Last year, a major fire in a slum cluster in Sector 49 destroyed 150 homes. An uninsured poor family losing their home may mean a total annihilation of possessions, savings, and possibly, means of livelihood.
Just two days ago, on May 16, a godown belonging to a cleaning and housekeeping materials firm, MR International was damaged by accidental fire caused by an electrical short circuit in its basement store full of flammable industrial chemicals.
“Mutual aid”
Real estate giant DLF Ltd. which maintains a fire fighting fleet for its luxury apartment complexes, chips in ‘free of charge’ in civil operations.
As do other private ‘partners’, which include India’s automobile majors, the area’s oldest and largest employers, in what additional commissioner at Municipal Corporation Gurgaon (MCG) Y.S. Gupta, calls ‘mutual aid’ – a voluntary reciprocal local arrangement between the private and public sectors.

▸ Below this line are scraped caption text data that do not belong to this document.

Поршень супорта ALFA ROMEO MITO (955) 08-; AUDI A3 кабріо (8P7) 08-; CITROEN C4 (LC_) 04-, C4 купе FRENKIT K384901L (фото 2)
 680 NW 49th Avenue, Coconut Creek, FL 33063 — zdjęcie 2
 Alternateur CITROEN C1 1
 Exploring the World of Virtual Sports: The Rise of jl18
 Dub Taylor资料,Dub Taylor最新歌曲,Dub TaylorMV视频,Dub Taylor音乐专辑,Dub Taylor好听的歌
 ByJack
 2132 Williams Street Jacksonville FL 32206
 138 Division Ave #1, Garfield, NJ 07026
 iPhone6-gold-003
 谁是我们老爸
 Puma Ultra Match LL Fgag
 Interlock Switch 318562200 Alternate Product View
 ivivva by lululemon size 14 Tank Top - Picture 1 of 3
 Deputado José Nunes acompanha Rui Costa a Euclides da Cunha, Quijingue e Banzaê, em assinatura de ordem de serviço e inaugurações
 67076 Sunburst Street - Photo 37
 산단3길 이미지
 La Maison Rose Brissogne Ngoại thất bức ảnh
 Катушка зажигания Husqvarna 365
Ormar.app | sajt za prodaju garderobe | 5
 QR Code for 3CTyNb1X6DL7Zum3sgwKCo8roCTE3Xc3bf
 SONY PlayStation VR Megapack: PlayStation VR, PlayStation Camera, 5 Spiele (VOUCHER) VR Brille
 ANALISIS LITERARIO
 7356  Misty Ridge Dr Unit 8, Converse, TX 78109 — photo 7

“Private fire stations are working under the mutual aid scheme during major fires,” Gupta told this correspondent.
“Providing fire facilities in one another’s areas in emergencies: this is a local arrangement made between big institutions who have their own fire arrangements like DLF, Maruti Suzuki and the Indian Air Force Station (which maintains an estate in Gurgaon district 18 km away),” he explains.
The 2009 Haryana Fire Services Act allows calling on additional fleets as a stop-gap arrangement in cases of very serious fire emergencies, only.
It also directs aggrieved property owners or their insurance companies to pay for such contiguous, one-off expenses incurred by employing fleets which are called beyond their prescribed areas. The act says:
Where members of the service are sent beyond (state-set limits) in order to extinguish a fire, the owner or occupier where the fire has occurred or spread shall be liable to pay such fees.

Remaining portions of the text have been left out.